WHAT IS EXPECTED: After locating the line that contains "Pendentif Esther Diamant" in the data below, set down exactly that line and each one after it through the line that contains "Wolf themed case (Back)", and nothing more.

Short text fragments from websites:
+-------+

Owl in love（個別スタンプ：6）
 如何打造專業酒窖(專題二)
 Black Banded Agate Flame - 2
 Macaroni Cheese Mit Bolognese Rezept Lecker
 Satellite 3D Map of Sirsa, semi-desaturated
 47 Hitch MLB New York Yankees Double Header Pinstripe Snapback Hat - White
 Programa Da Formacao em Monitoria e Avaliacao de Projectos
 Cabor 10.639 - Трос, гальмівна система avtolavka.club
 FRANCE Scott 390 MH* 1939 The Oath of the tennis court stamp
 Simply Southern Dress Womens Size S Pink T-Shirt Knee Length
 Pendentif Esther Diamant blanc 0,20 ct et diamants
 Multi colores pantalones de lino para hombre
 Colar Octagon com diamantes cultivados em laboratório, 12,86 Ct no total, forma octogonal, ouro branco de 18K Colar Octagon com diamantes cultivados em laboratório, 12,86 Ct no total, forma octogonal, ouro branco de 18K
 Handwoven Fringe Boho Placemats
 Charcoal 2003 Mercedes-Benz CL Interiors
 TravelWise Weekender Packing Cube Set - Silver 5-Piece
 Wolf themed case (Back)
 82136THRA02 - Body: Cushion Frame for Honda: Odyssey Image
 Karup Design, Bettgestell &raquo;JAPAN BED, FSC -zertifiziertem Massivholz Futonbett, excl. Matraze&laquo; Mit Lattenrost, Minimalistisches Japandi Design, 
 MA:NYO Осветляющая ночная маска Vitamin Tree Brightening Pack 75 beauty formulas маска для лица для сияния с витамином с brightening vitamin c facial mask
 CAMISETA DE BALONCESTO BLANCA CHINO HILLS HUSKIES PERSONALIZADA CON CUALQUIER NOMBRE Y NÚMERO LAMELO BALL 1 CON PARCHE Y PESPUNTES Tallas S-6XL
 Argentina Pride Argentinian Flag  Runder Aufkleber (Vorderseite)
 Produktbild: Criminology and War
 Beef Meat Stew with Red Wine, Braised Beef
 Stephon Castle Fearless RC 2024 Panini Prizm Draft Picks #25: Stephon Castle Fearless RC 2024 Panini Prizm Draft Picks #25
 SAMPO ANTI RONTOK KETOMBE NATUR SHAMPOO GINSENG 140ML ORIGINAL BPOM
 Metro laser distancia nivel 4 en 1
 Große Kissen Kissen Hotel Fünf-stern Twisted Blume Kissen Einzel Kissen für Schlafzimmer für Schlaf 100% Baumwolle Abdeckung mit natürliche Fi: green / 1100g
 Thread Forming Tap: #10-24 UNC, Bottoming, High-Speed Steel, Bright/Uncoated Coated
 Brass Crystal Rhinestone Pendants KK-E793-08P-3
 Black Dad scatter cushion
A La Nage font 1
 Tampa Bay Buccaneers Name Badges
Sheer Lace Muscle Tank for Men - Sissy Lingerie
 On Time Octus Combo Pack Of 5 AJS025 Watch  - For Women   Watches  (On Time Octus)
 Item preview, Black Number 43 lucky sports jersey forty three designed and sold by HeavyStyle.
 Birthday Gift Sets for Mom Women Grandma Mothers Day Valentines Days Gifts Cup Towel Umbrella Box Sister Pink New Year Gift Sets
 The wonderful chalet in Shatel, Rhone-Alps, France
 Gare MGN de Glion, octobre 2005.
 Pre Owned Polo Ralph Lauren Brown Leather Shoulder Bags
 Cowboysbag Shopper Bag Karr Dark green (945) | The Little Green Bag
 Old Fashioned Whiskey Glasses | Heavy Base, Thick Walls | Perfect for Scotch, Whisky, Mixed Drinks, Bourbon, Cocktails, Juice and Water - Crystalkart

+-------+

ANSWER SECTION:
 Pendentif Esther Diamant blanc 0,20 ct et diamants
 Multi colores pantalones de lino para hombre
 Colar Octagon com diamantes cultivados em laboratório, 12,86 Ct no total, forma octogonal, ouro branco de 18K Colar Octagon com diamantes cultivados em laboratório, 12,86 Ct no total, forma octogonal, ouro branco de 18K
 Handwoven Fringe Boho Placemats
 Charcoal 2003 Mercedes-Benz CL Interiors
 TravelWise Weekender Packing Cube Set - Silver 5-Piece
 Wolf themed case (Back)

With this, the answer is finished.